The month before I found out I was pregnant with baby #1, I went to see my sister for the weekend. When I came back home, I found a used condom in my bedroom trashcan. My husband insisted that it was from him masterbating in the bedroom.

This has bothered me for years. I haven't brought it up since then because I don't know what to think. I don't really know of any men to ask if that is normal, to masterbate in a condom.

Ok that is episode one.

Episode two is two years ago. He went on deployment to another base and got drunk almost every night to the point where he would pass out in the town and whatnot. He went to bars all the time and partied it up while I was at home taking care of our child.

One day in a conversation he said causally I was so mad today at my boss that even Melissa asked me what was wrong. I said who is Melissa? He said a girl that works here. I was like oh ok. Then he proceeds to tell me that they have parties in his hotel room every night and she comes over and since it is not just HIS room he can not kick her out. He said he didn't tell me about her because he figured I might get upset. He said he had NO control over the situation and that I should not be mad about it.

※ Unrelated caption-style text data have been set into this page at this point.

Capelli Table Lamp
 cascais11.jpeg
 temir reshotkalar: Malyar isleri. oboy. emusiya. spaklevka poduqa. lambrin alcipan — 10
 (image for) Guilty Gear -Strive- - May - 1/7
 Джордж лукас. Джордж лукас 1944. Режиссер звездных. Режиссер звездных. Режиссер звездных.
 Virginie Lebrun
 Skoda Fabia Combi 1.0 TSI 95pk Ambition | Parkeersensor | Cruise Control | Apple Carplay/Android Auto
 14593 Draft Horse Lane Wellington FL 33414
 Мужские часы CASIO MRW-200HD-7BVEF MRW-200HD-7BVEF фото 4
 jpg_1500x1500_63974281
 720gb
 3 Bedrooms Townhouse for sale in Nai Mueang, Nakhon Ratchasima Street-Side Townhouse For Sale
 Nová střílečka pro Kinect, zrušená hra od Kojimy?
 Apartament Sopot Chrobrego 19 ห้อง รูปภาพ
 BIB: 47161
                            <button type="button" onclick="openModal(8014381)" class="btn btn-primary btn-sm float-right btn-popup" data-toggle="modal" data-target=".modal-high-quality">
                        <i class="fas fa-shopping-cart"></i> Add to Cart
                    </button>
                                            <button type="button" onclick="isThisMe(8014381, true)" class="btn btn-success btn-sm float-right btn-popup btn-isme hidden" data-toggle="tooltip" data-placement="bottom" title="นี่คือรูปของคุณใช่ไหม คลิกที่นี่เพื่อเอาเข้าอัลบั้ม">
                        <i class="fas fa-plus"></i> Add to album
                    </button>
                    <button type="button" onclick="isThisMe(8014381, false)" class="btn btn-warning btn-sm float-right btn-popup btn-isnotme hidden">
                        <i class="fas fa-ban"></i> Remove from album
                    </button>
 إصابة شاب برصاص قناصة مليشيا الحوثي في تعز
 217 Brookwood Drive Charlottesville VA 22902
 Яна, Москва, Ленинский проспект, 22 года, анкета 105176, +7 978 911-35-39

I don't know, guys. Something just struck me as so out of it....

I know these two examples sound piddly and dumb compared to some that i have read. My heart bleeds for everyone here.

I guess I am just wondering what to do with these feelings? My husband has empathically denied EVER cheating on me the few times I have asked him.

Nevertheless, I always have a few nagging doubts in the back of my mind. Am I being stupid for hanging onto this stuff? How can I get rid of thinking about it?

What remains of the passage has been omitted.